Blogs come in all shapes and subjects, from the maunderings of troubled teen souls to displays of classical photography to breaking news and commentary. They can be online journals, locked with a password shared by a few trusted friends, or they can be page after page of source code, sharing useful and free computer programs with the world Forbes.
A blog may be an online journal tangential to a company’s main business, where users of a company’s products give feedback and ask for help. Blogs can be hosted by single individuals, shared by teams, or produced by entire companies. They may be hosted on a dedicated blog server using fancy templates or lovingly hand-crafted in HTML on a page that resembles a bulletin board.
But a blog is not simply a syndicated column or a newspaper that is online. Many news outlets feature their content online and even allow readers to respond to stories.

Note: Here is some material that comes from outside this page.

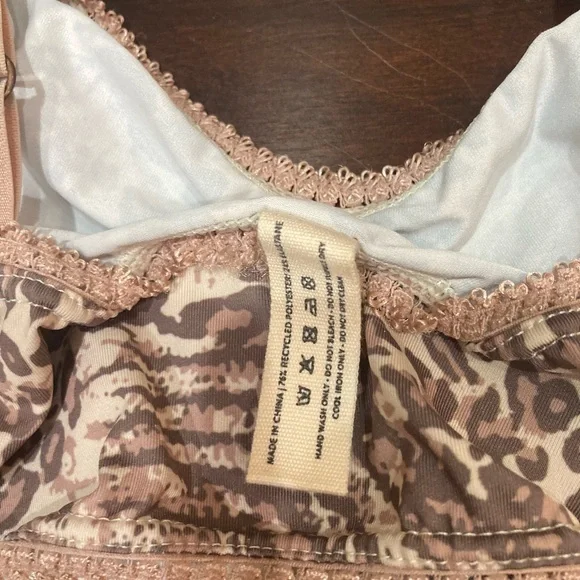 Spell Ada Leopard Print Bralette, Size Large - Picture 7 of 8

However, the newspaper’s business does not change just because it has a new medium. Editors and writers still do the same jobs they did before the advent of online distribution; the newspaper does not view itself as any different from what it always was.
And perhaps therein lies the difference: attitude. The newspaper sees itself as presenting all the news that’s fit to print, written by objective professionals, while the blogger sees himself as presenting a piece of his own world and his own expertise from his own perspective.
As blogs become more popular, more columnists are becoming bloggers and more bloggers are becoming professional in what they write. Perhaps in a few years, the distinction between the Old Media and the New will be irrelevant in the mind of writers.
The number of individual blogs has topped 20 million and readership is exploding. In fact, the trade magazine Ad Age reports that during 2005 alone, American workers will spend the equivalent of 551,000 years reading blogs, rumor sheets, and online diaries.